Your assignment -
All lines from the one containing "Alte Münze Großbritannien" through the end of the data below are to be repeated exactly, with pictures left out.

Web page caption snippets -
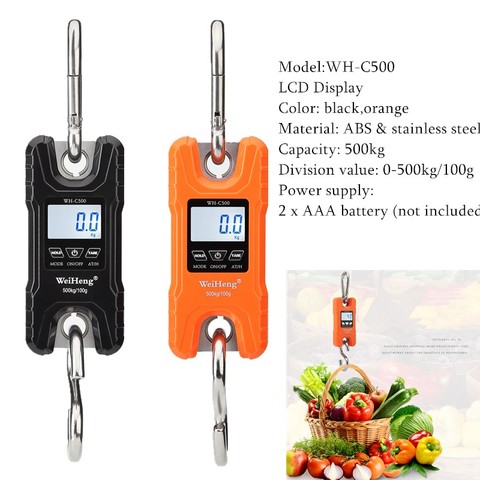 Crane Scale 300kg 150kg 200kg 500kg/100g 1kg/0.1g 2kg/1g Heavy Duty Hanging Hook Scales Digital High Accurate Weight Tool 40%off ► Photo 1/6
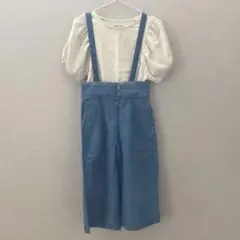 【グローバルワーク】デニム風サロペット　 パフスリーブ半袖Tシャツ　110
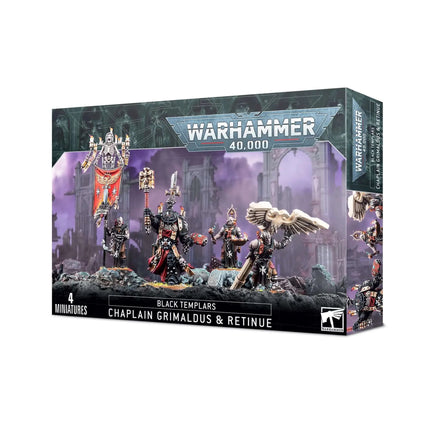 Dit is een foto van het spel Grimaldus & Retinue - Black Templars te koop bij Speldorado Spellenwinkel Delft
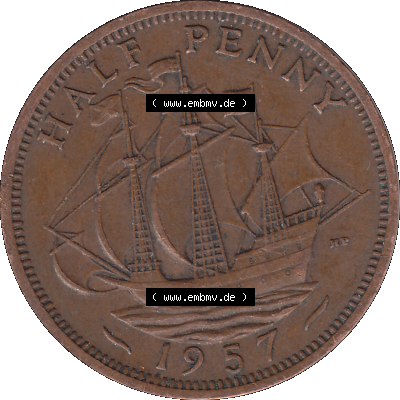 Alte Münze Großbritannien Umlaufmünze Half Penny, 1/2 Pence 1954-1970, Half Penny, Halber Pence 1957-01, Elisabeth II. - Schriftzug ELIZABETH II DEI GRATIA... Sammlung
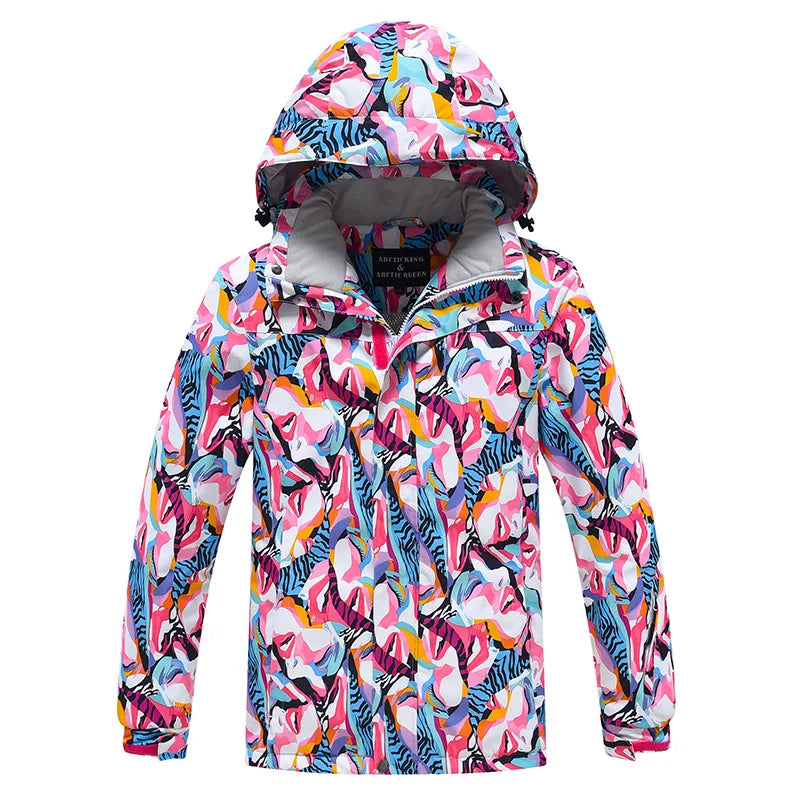 Unisex Outdoorjacke mit Kapuze, bunter Druck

Task response -
 Alte Münze Großbritannien Umlaufmünze Half Penny, 1/2 Pence 1954-1970, Half Penny, Halber Pence 1957-01, Elisabeth II. - Schriftzug ELIZABETH II DEI GRATIA... Sammlung
 Unisex Outdoorjacke mit Kapuze, bunter Druck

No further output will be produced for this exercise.